Provided data >>

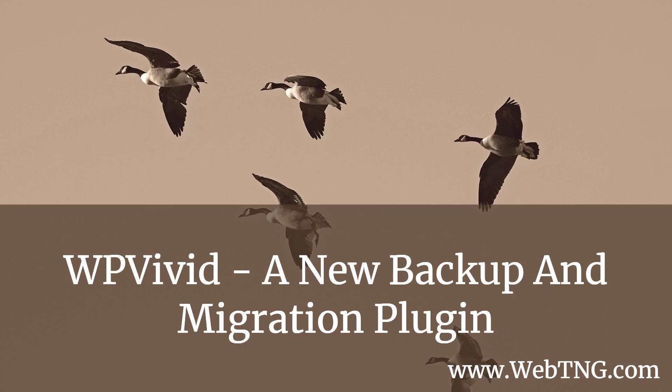In this screencast, I want to take a look at a new backup and migration plugin called WP Vivid. In the past, for moving a website from development to production or from production down to development, I've tried and used Backup Buddy, Updraft Plus, and All-in-One WP Migration.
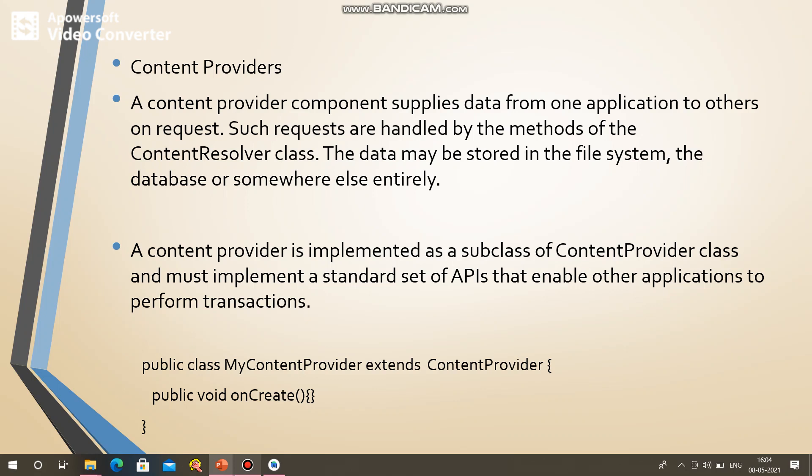Broadcast receiver — a broadcast receiver simply responds to broadcast messages from other applications.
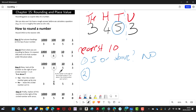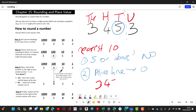Step two: all numbers to the right of the dotted line turn to zero. So 3453 becomes 3450. When rounding to the nearest ten, you're choosing between two options — in this case, is it closer to 3450 or 3460? Since the digit to the right was 3, it stays at 3450. That's what rounding is: deciding which value it's closest to.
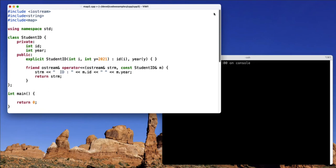In this video, we're going to see how we can use a custom class as the key type in a C++ map.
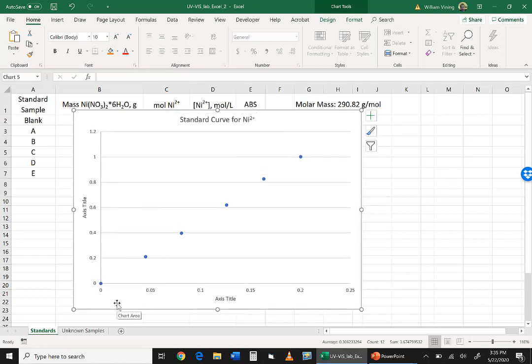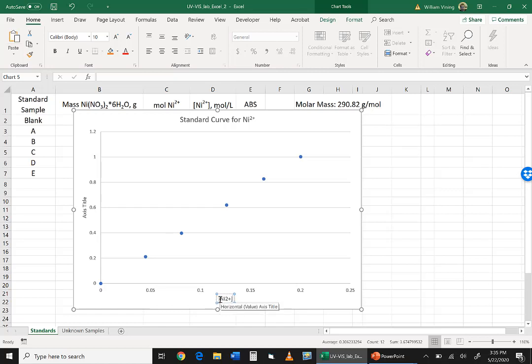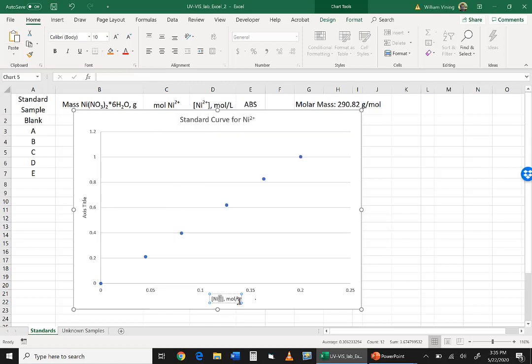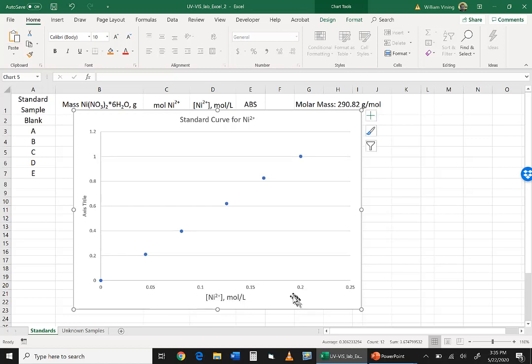And next thing we do is we want to put in our axis titles. So our x-axis is going to be concentration of nickel 2+, so it would be nickel 2+ in square brackets. And then you have to put the units in, so I'm going to put comma moles per liter. You can use a capital M for molarity, that's okay. And I'm going to highlight the 2+ and, again, make it a superscript. Okay. Now the problem is that's pretty small. That's a very, that's an important thing. So I'm going to take that there. I'm just going to make it, say, 14 font to make it bigger.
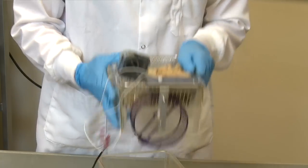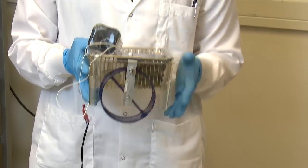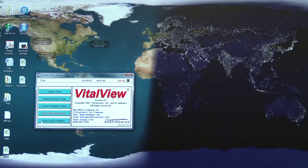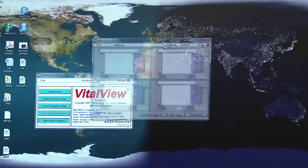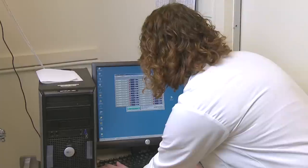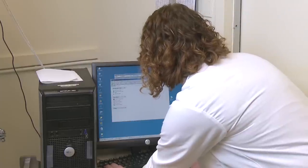The sensor placed above the wheel can detect the passing of the magnets as the wheel revolves. Information is collected through the sensors using a program called VitalView, which monitors wheel running and, depending on the experiment, other types of measurements from many different animals. All the incoming data is logged by the data collection computer.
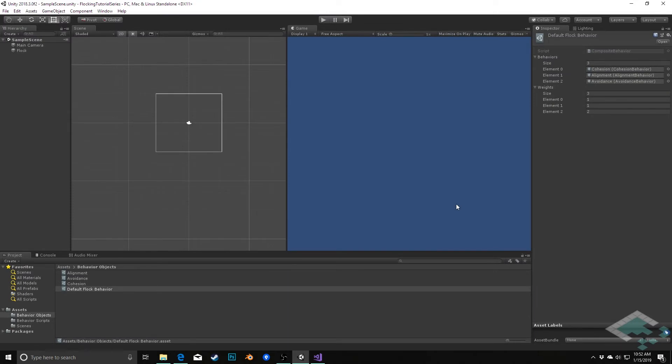it's Ben from Board2Bits. This video is a follow-up to our composite behavior video where I talked about the fact that we need to adjust our cohesion because right now it's causing flickering in our agents.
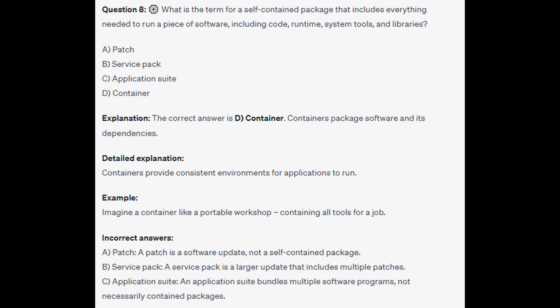The correct answer is D, Containers. Containers package software and its dependencies. Containers provide consistent environments for applications to run. Imagine a container like a portable workshop, containing all the tools needed for a job.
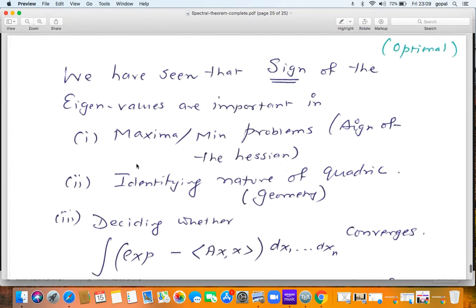Lastly, let us ask a philosophical question. In maxima-minima problems we compute the Hessian and need to understand the sign of its eigenvalues. The sign of eigenvalues is also important in identifying the nature of a quadric — is it an ellipsoid, a hyperboloid of one sheet, a hyperboloid of two sheets? And in tutorial problems involving integrals, the sign of the eigenvalues of A determines whether the integral converges.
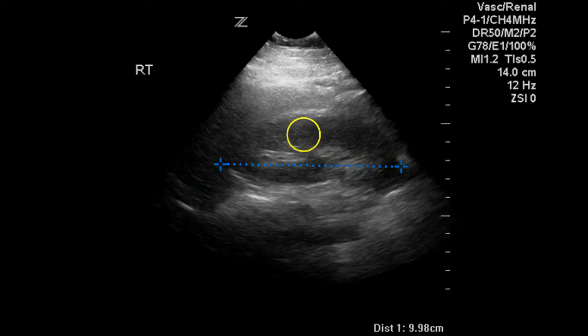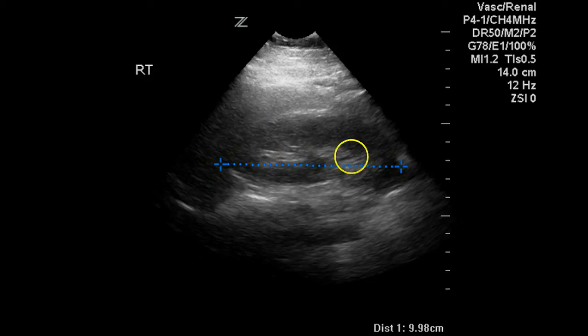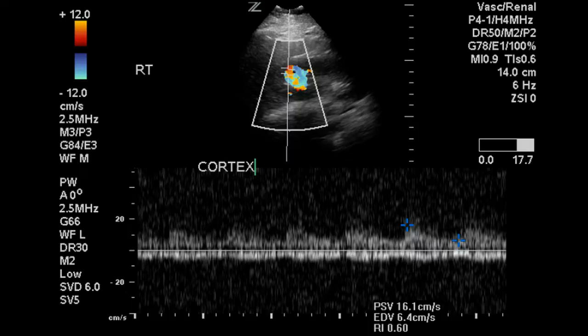The kidney is also slightly hypoechoic when compared to the liver, and the center of the kidney — the renal pelvis — is more echogenic than the liver. This is the normal relationship that we see in grayscale imaging of the kidney.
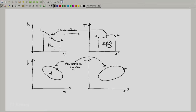And because it is a reversible cycle, the area of this loop will be the net heat transfer. So this will be W_cycle, the net work done, and this will be the heat absorbed in the cycle. The first law tells us that W for a cycle equals Q for a cycle.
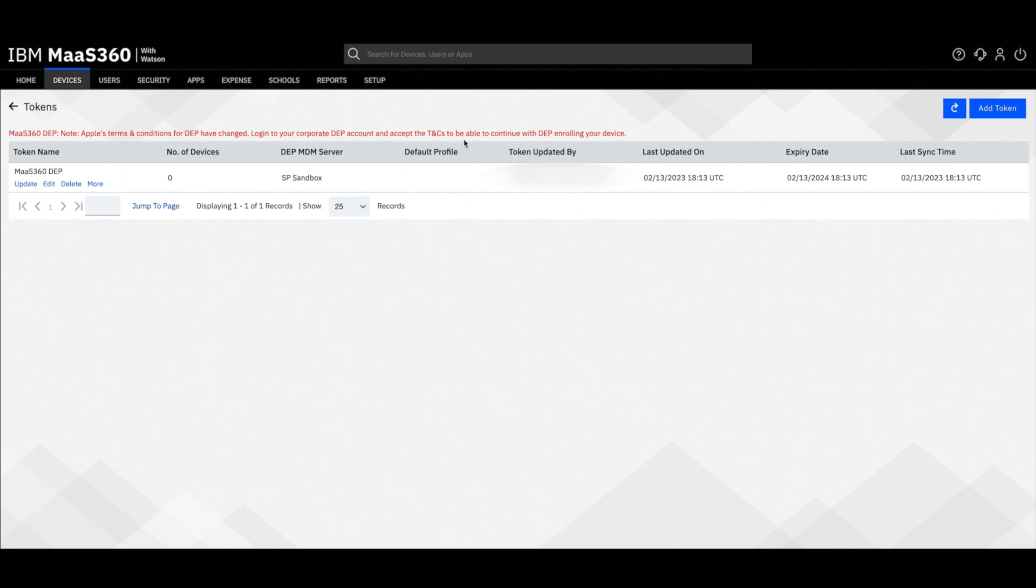The DEP MDM server is the name that MOS 360 pulls from your Apple Business Manager portal. If your company has multiple servers you'll want to make sure that this is the token we are generating from the Apple Business Manager portal.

Exercise brief >>
Starting at the line that contains "And because it", reproduce each line exactly through the end of the entries above, leaving every picture out.

Response box >>
And because it is a reversible cycle, the area of this loop will be the net heat transfer. So this will be W_cycle, the net work done, and this will be the heat absorbed in the cycle. The first law tells us that W for a cycle equals Q for a cycle.
The DEP MDM server is the name that MOS 360 pulls from your Apple Business Manager portal. If your company has multiple servers you'll want to make sure that this is the token we are generating from the Apple Business Manager portal.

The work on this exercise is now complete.